That instinct had been forming long before the renovation began. Years earlier, she had started collecting tile without a clear plan—drawn to relief pieces she discovered at an architectural salvage yard outside Portland, Oregon. Many featured sculpted faces. “I just thought they were beautiful… I didn’t really know why I was buying them,” she recalls. Over time, more followed—antique show finds, pieces sourced online—until that loose collection found its place in the fireplace surround in the den. What began as intuition eventually resolved into composition.
The search for bathroom tile unfolded in much the same way. Hours spent moving through images—vintage references, historic interiors, contemporary work—eventually led her to a pattern that felt both familiar and complete. “I did a huge amount of searching on Pinterest… and once you start, the algorithms take you all over the place.”
Somewhere in that drift, the pattern surfaced.
“I just thought it was really graceful.”
At Motawi, it’s called Flora. But what Karli saw was wisteria—a vine with pendant blossoms, moving in a gentle, continuous rhythm. “I like wisteria,” she says simply.
The choice was also about atmosphere. Elsewhere, the house leans into bold color and layered expression, but here the intention was different. “I wanted them to be more serene,” she explains, describing the shift in tone she was after for her bedroom and bath.
It was also, unmistakably, about memory. The original bathrooms had been colorful and floral, expressive in a way that felt intrinsic to the house, even if they had not aged well. Rather than restore them literally, she chose to reinterpret that spirit—“an homage… an idealized version of what the house felt like growing up there.”
Designed from the tile outward
Once the wisteria pattern was chosen, the design of the room followed its lead. “She picked that pattern, and we designed the room around it,” Smiros says. Every tile was mapped in advance, allowing the vines and blossoms to move continuously across the walls rather than reading as a simple repeat. The effect is subtle but essential—less applied, more composed.
That sense of cohesion extends to the making itself. Each Motawi tile is formed and glazed by hand, with slight variation that gives the installation a sense of life rather than uniformity. It’s a balance between precision and individuality.

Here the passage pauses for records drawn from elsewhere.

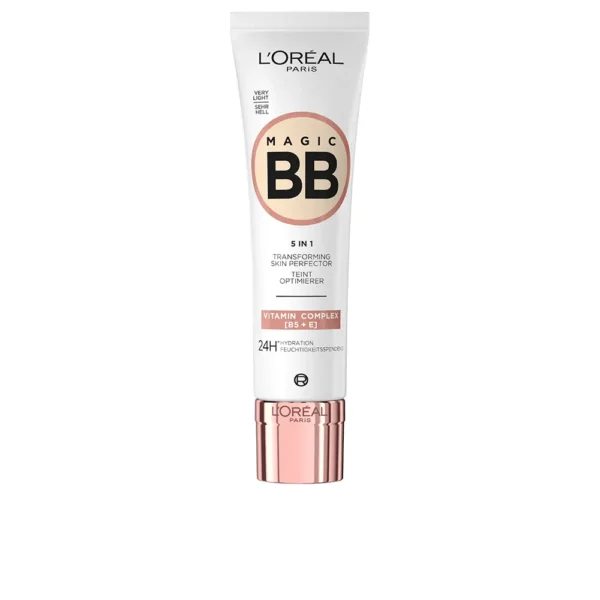 Magic BB Cream SPF 10 Very Light 30ML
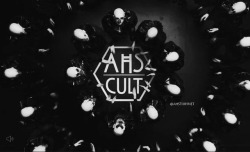 ahs-gifs:  American Horror Story: Cult (2017)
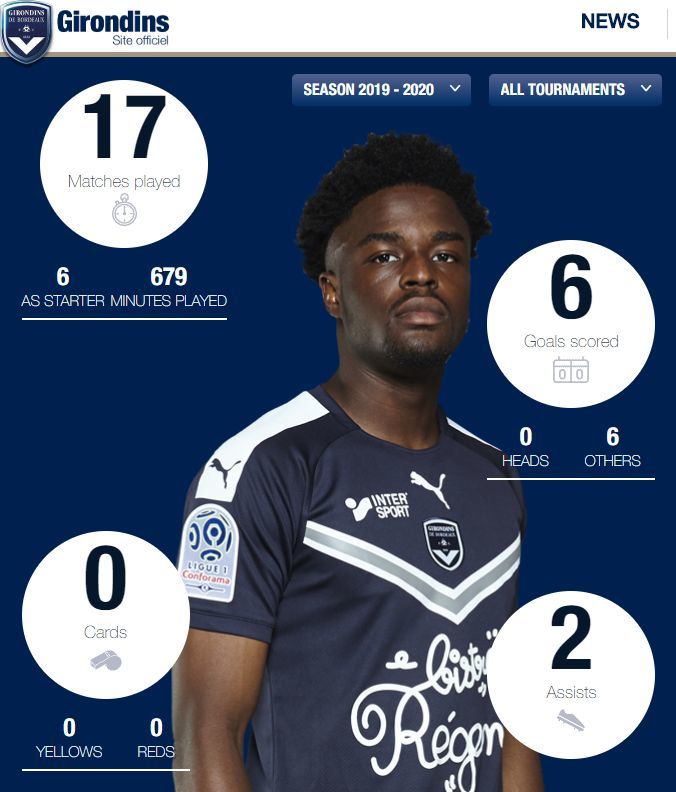 开云体育在线-波尔多球员接受采访，分享赛后感受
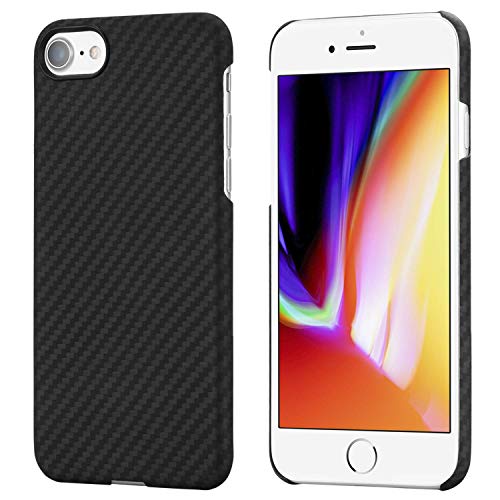 PITAKA MagEZ Case Compatible with iPhone 8/iPhone 7 4.7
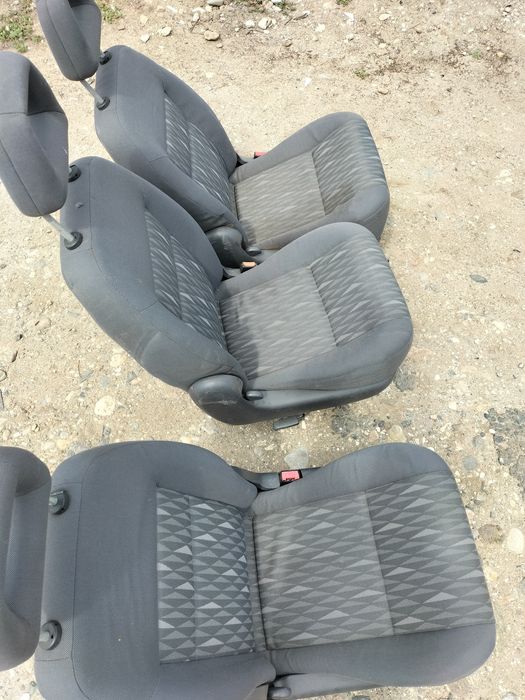 Scaune fata și spate Sharan, Galaxy, Alhambra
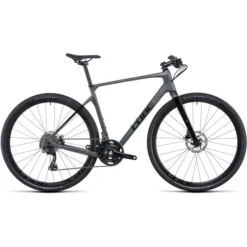 Cube Vélos De Ville Homme SL Road C:62 SLT, Gris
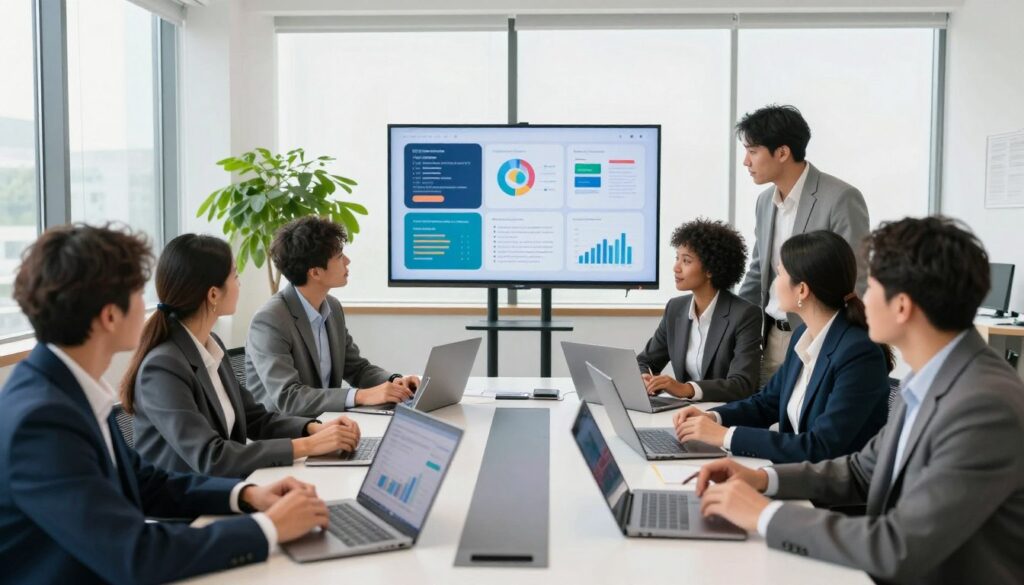 online engagement case studies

The room also holds onto what came before. The bathtub remains in its original location, refinished rather than replaced, and other decisions similarly favor continuity over erasure.
As Karli puts it, “you don’t want to live in a mausoleum… but you also don’t want to erase everything that’s meaningful.” That instinct extends even to the mechanics of the room. The shower retains its original configuration of body jets—three pairs set into the walls. They had stopped working years ago, but she remembered them from childhood and chose to have the plumbing restored rather than removed. “We don’t really use them,” she says, “but I’m really glad we put them back—it brings back that feeling.”

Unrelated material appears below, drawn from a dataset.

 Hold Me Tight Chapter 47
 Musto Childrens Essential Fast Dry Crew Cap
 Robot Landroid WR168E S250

Across the house, that same thinking takes on different expressions.
Just beyond the den, a Pine Landscape installation sits within a band of walnut paneling, quietly echoing the view outside. “You almost see the same thing out the window,” Smiros says, describing how the tile mirrors the wooded Gold Coast setting beyond the glass.

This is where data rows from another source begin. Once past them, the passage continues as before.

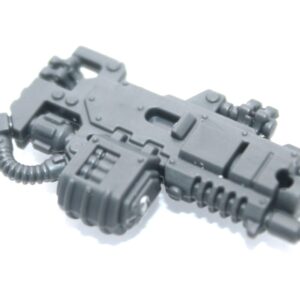 Brokhyr Thunderkyn C Bolt Cannon
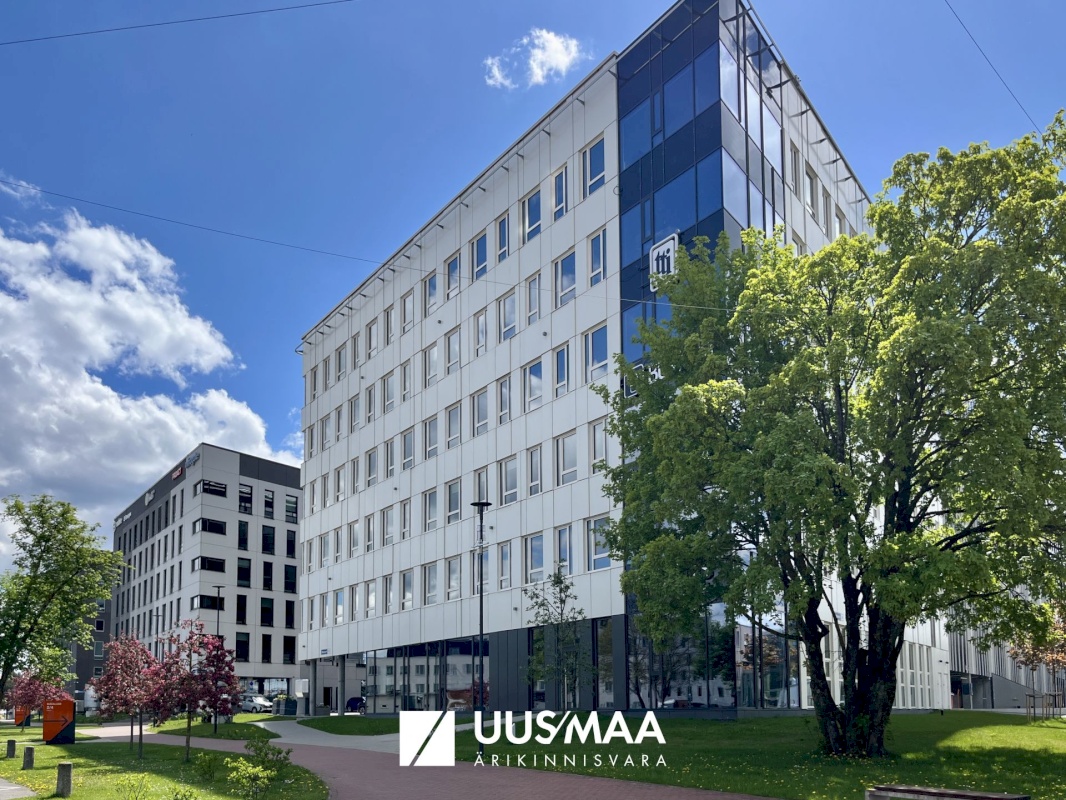 Tallinn, Mustamäe linnaosa, Mäealuse 2/4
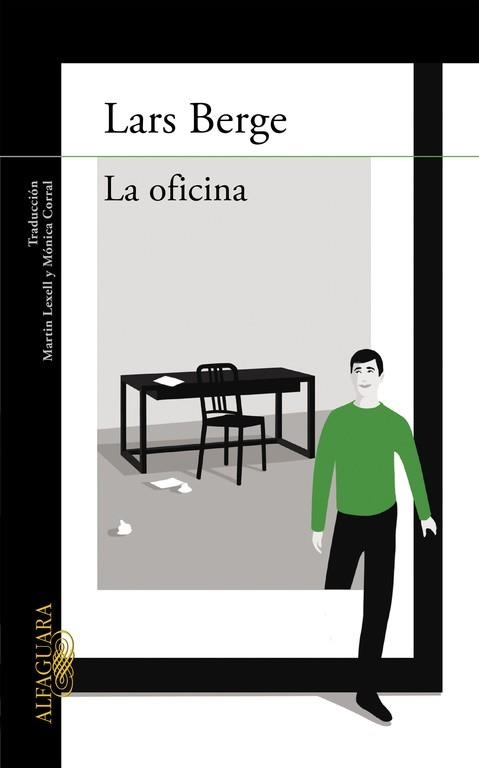OFICINA, LA | 9788420418056 | BERGE, LARS | Llibreria Aqualata | Comprar llibres en català i castellà online | Comprar llibres Igualada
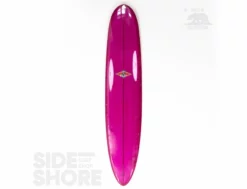Dude - Tint Purple + Polish - 9'2 X 22 7/8" X 3" - 75.2 L - Single - US Box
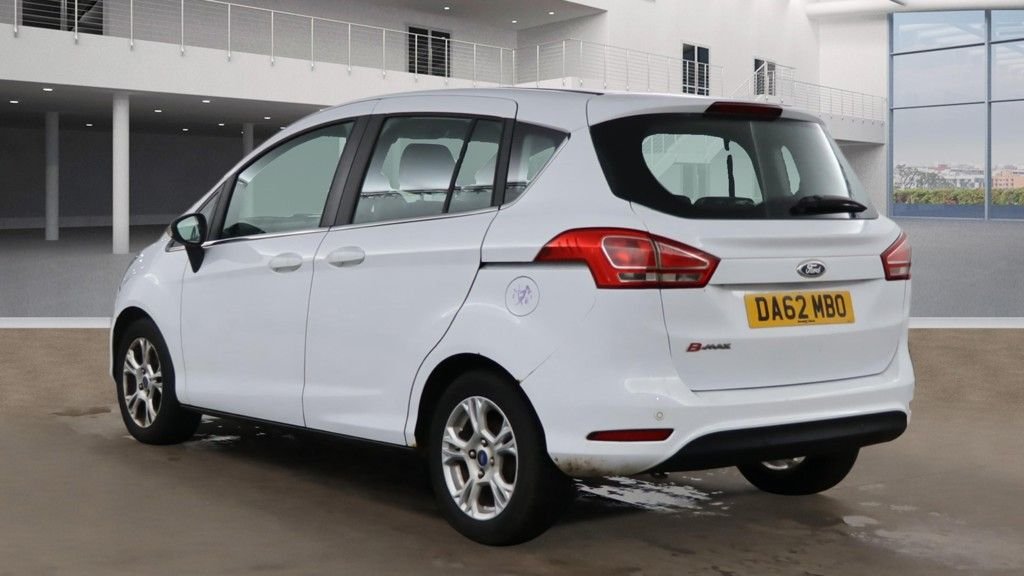 Used Ford B-MAX 2013 for sale - 77485017: Photo 4
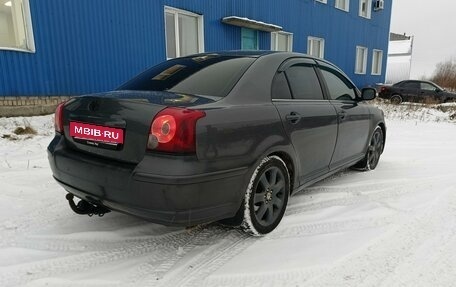 Toyota Avensis III рестайлинг, 2007 год, 910 000 рублей, 4 фотография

In another bathroom, the tone shifts entirely. There, tile from the German maker Golem creates a space that is bold, saturated, and unapologetically expressive—“really in your face,” as Karli puts it, laughing, before adding, “but it’s such a happy space—I kind of envy my guests.”
Even the smallest spaces reflect that level of attention. A compact staff bathroom, lined in warm, earthy Motawi field tile, is more restrained, but no less considered—another layer in a house where even the quietest rooms feel resolved.
Taken together, the three bathrooms describe the range of the house itself: expressive, grounded, and serene, each occupying its own register without competing for dominance.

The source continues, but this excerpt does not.